(Records excerpted from a collection)
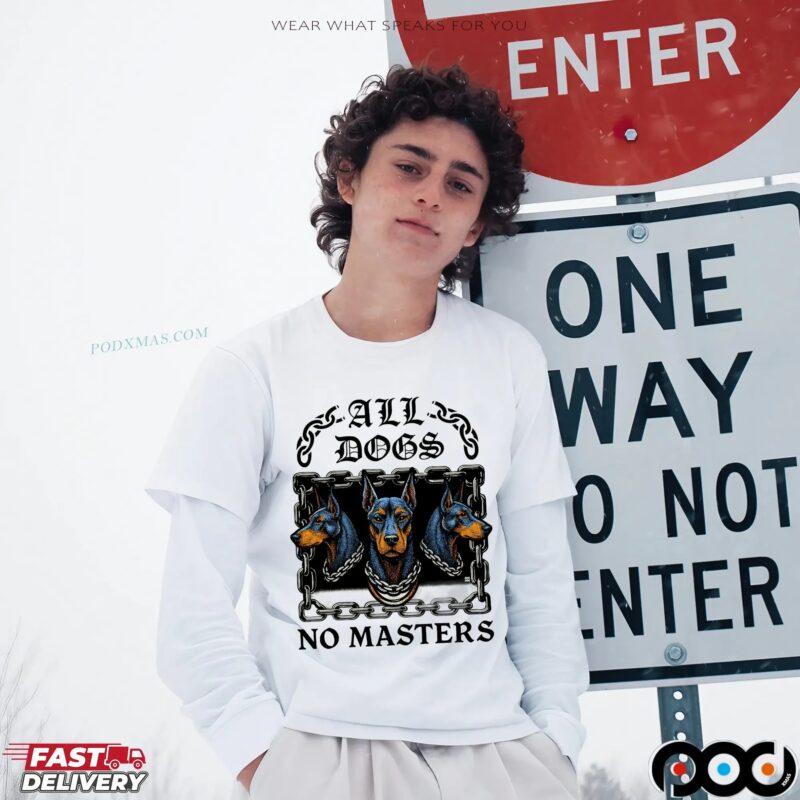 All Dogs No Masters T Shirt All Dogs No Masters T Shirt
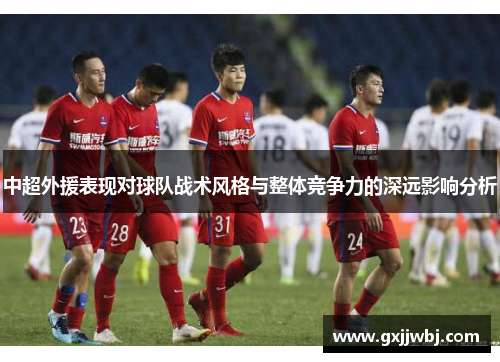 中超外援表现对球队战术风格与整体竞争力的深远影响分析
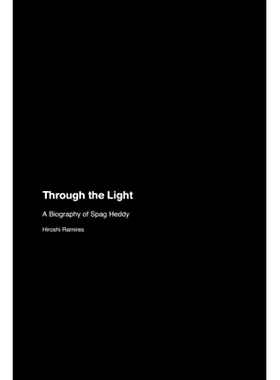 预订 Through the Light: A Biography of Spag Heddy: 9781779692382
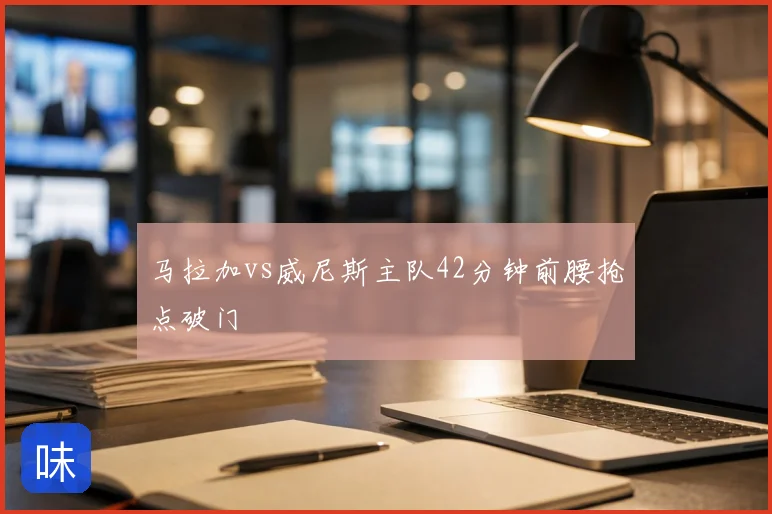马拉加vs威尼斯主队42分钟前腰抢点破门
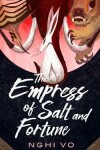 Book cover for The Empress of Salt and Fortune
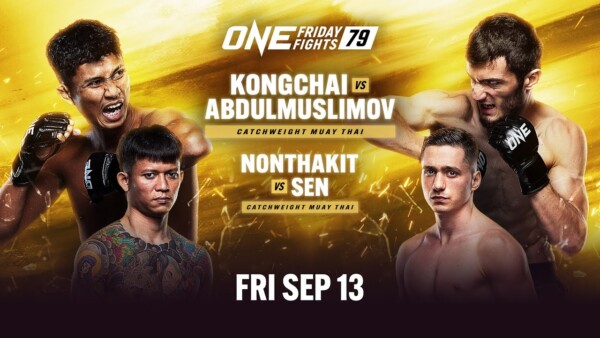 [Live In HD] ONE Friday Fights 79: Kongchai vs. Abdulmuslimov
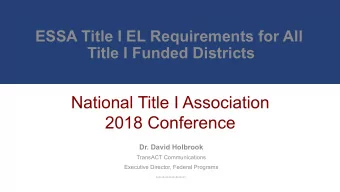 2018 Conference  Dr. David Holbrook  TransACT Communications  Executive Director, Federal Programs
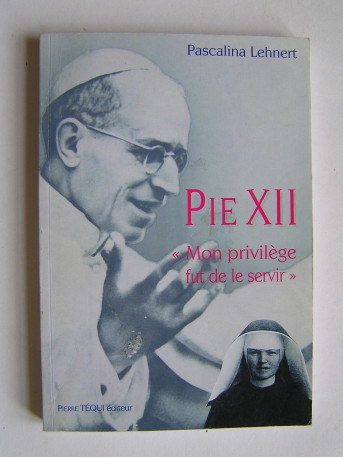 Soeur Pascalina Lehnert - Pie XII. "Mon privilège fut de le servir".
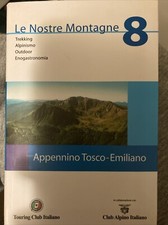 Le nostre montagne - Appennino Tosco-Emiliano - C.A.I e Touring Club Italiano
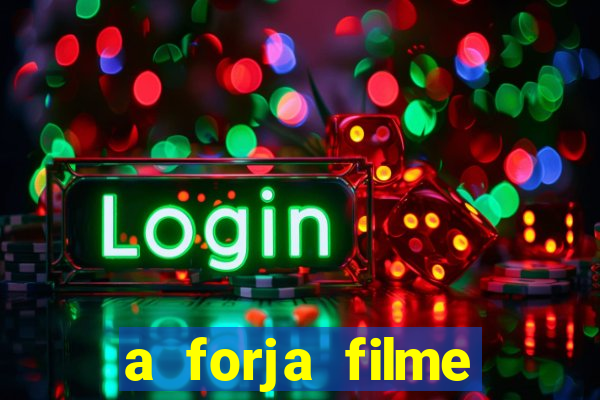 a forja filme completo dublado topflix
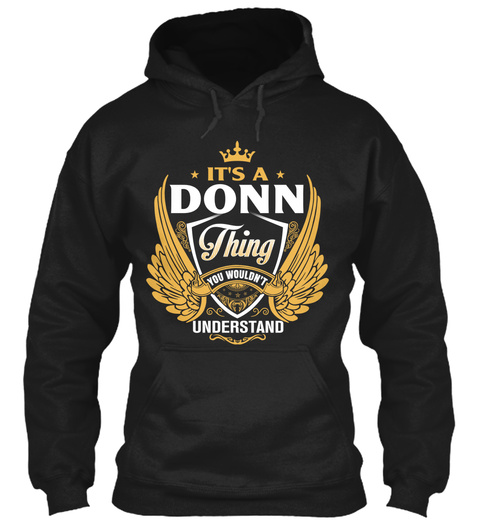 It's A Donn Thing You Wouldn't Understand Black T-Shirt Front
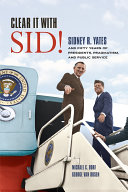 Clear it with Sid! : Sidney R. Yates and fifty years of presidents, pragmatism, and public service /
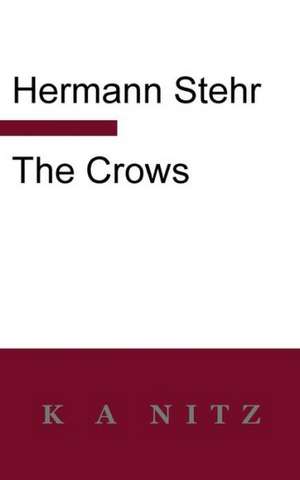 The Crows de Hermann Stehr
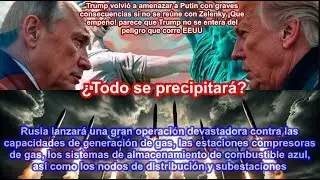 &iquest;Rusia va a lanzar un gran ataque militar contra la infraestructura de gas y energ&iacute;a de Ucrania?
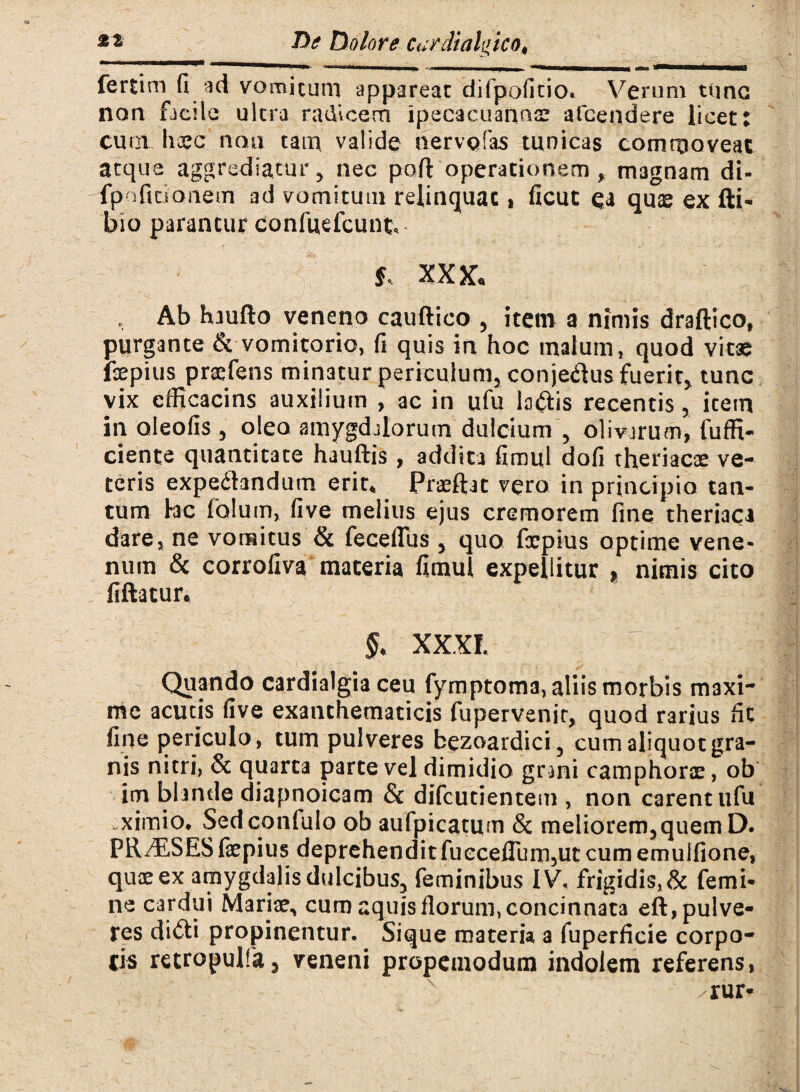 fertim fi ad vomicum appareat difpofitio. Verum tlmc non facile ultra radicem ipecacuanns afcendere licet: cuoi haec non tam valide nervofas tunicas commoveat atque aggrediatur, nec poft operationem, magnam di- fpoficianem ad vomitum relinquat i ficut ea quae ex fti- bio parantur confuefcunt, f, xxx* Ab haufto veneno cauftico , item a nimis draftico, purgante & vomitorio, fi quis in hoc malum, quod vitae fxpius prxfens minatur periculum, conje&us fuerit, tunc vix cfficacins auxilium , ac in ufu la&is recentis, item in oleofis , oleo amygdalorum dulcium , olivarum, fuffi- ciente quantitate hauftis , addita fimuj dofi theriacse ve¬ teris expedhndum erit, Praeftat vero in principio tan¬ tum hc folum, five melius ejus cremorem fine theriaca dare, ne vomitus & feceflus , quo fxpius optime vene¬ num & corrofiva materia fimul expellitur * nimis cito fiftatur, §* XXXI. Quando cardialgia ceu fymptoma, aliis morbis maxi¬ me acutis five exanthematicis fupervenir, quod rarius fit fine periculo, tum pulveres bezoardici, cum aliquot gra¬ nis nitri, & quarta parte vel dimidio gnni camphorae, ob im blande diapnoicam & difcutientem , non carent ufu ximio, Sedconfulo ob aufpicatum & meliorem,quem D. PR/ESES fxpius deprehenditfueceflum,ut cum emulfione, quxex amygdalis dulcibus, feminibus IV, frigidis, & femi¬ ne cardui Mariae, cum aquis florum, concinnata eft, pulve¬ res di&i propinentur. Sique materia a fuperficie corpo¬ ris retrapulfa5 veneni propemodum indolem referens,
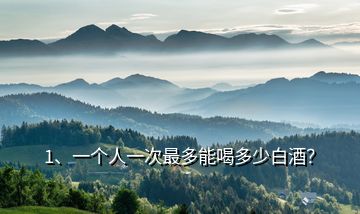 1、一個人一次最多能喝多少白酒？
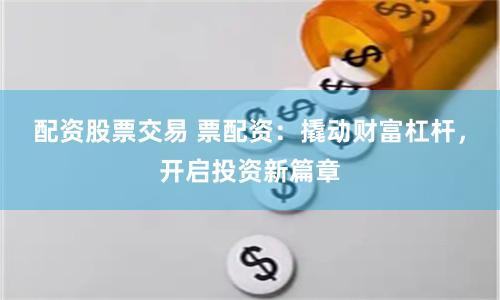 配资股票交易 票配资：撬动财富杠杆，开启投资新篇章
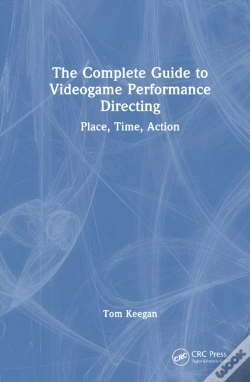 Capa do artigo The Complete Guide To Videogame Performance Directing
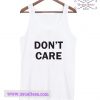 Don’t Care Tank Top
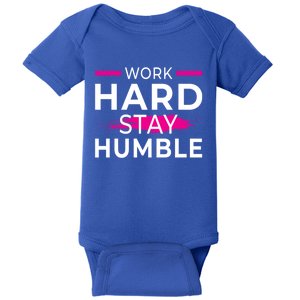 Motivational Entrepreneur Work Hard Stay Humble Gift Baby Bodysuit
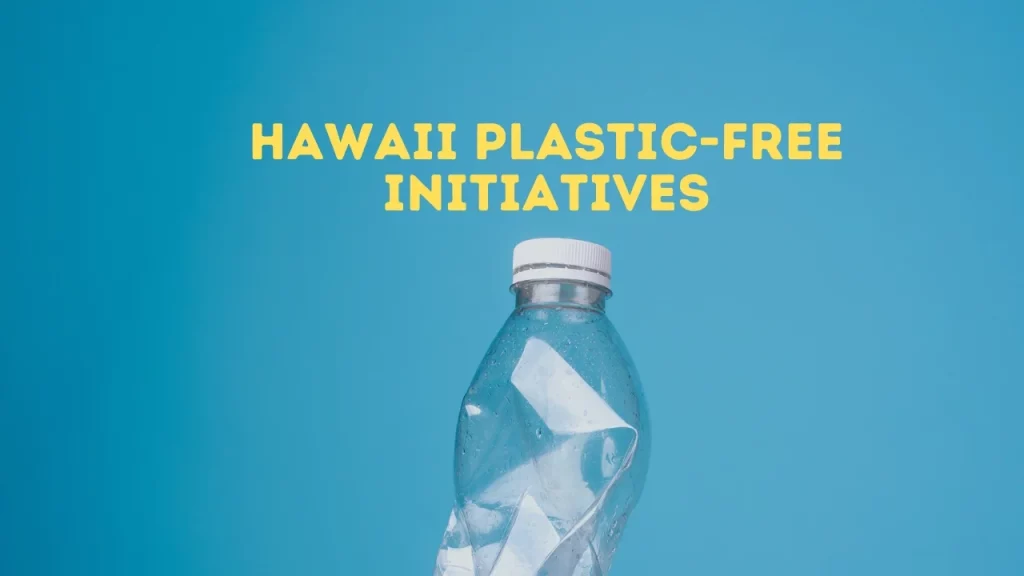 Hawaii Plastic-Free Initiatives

→ **WHAT THE TASK ASKS**
Wherever an image appears, omit it; copy the rest of the records exactly.

→ **SOLVED PROBLEM**
 All Dogs No Masters T Shirt All Dogs No Masters T Shirt
 中超外援表现对球队战术风格与整体竞争力的深远影响分析
 预订 Through the Light: A Biography of Spag Heddy: 9781779692382
马拉加vs威尼斯主队42分钟前腰抢点破门
 Book cover for The Empress of Salt and Fortune
 [Live In HD] ONE Friday Fights 79: Kongchai vs. Abdulmuslimov
 2018 Conference  Dr. David Holbrook  TransACT Communications  Executive Director, Federal Programs
 Soeur Pascalina Lehnert - Pie XII. "Mon privilège fut de le servir".
 Le nostre montagne - Appennino Tosco-Emiliano - C.A.I e Touring Club Italiano
 a forja filme completo dublado topflix
 It's A Donn Thing You Wouldn't Understand Black T-Shirt Front
 Clear it with Sid! : Sidney R. Yates and fifty years of presidents, pragmatism, and public service /
 The Crows de Hermann Stehr
 &iquest;Rusia va a lanzar un gran ataque militar contra la infraestructura de gas y energ&iacute;a de Ucrania?
 fertim fi ad vomicum appareat difpofitio. Verum tlmc non facile ultra radicem ipecacuanns afcendere licet: cuoi haec non tam valide nervofas tunicas commoveat atque aggrediatur, nec poft operationem, magnam di- fpoficianem ad vomitum relinquat i ficut ea quae ex fti- bio parantur confuefcunt, f, xxx* Ab haufto veneno cauftico , item a nimis draftico, purgante & vomitorio, fi quis in hoc malum, quod vitae fxpius prxfens minatur periculum, conje&us fuerit, tunc vix cfficacins auxilium , ac in ufu la&is recentis, item in oleofis , oleo amygdalorum dulcium , olivarum, fuffi- ciente quantitate hauftis , addita fimuj dofi theriacse ve¬ teris expedhndum erit, Praeftat vero in principio tan¬ tum hc folum, five melius ejus cremorem fine theriaca dare, ne vomitus & feceflus , quo fxpius optime vene¬ num & corrofiva materia fimul expellitur * nimis cito fiftatur, §* XXXI. Quando cardialgia ceu fymptoma, aliis morbis maxi¬ me acutis five exanthematicis fupervenir, quod rarius fit fine periculo, tum pulveres bezoardici, cum aliquot gra¬ nis nitri, & quarta parte vel dimidio gnni camphorae, ob im blande diapnoicam & difcutientem , non carent ufu ximio, Sedconfulo ob aufpicatum & meliorem,quem D. PR/ESES fxpius deprehenditfueceflum,ut cum emulfione, quxex amygdalis dulcibus, feminibus IV, frigidis, & femi¬ ne cardui Mariae, cum aquis florum, concinnata eft, pulve¬ res di&i propinentur. Sique materia a fuperficie corpo¬ ris retrapulfa5 veneni propemodum indolem referens,
 1、一個人一次最多能喝多少白酒？
 配资股票交易 票配资：撬动财富杠杆，开启投资新篇章
 Capa do artigo The Complete Guide To Videogame Performance Directing
 Don’t Care Tank Top
 Motivational Entrepreneur Work Hard Stay Humble Gift Baby Bodysuit
 Hawaii Plastic-Free Initiatives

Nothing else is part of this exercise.